Problem — Please give nothing except the number of lines in the records below that include the word "with".

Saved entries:
Content starts

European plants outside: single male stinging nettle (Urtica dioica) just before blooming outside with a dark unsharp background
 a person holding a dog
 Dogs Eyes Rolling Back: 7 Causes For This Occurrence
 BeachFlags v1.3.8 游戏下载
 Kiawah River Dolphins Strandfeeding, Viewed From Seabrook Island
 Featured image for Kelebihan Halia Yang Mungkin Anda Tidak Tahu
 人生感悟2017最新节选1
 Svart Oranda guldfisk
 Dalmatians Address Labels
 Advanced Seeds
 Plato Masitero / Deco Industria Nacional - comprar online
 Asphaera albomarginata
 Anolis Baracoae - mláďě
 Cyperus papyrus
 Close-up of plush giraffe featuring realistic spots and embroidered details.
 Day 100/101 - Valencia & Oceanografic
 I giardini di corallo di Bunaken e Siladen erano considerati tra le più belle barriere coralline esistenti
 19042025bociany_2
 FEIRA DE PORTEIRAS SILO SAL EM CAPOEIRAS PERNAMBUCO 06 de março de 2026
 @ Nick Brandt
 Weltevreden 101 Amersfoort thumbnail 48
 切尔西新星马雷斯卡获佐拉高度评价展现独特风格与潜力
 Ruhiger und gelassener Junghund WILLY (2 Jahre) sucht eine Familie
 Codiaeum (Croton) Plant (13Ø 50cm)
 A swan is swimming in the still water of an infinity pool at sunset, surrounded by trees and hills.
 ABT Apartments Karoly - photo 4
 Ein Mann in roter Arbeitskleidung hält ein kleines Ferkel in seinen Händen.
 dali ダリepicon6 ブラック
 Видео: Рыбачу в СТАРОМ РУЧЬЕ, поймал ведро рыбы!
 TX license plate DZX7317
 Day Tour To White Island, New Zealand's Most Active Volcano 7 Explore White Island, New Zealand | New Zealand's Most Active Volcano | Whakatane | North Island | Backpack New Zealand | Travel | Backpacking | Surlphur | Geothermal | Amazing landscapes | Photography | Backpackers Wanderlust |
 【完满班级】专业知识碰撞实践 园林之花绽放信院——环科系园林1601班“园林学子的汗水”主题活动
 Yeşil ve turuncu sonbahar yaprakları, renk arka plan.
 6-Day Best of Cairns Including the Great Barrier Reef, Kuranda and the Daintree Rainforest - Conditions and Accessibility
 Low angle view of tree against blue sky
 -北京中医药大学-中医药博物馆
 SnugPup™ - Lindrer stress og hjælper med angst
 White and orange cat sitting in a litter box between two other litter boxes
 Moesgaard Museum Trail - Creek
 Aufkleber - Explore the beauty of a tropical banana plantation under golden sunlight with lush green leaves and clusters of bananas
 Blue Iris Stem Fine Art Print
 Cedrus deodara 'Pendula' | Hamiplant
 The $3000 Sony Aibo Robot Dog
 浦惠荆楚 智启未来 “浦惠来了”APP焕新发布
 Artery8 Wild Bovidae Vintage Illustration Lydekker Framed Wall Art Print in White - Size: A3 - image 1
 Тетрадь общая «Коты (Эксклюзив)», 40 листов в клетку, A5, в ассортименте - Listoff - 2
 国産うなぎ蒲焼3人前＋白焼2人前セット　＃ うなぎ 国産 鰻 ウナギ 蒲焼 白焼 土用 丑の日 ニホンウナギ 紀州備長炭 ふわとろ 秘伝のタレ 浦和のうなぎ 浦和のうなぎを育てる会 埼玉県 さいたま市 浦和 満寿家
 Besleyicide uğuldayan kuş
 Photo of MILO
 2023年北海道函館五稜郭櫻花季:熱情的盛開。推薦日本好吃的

Content ends

Solved exercise — 2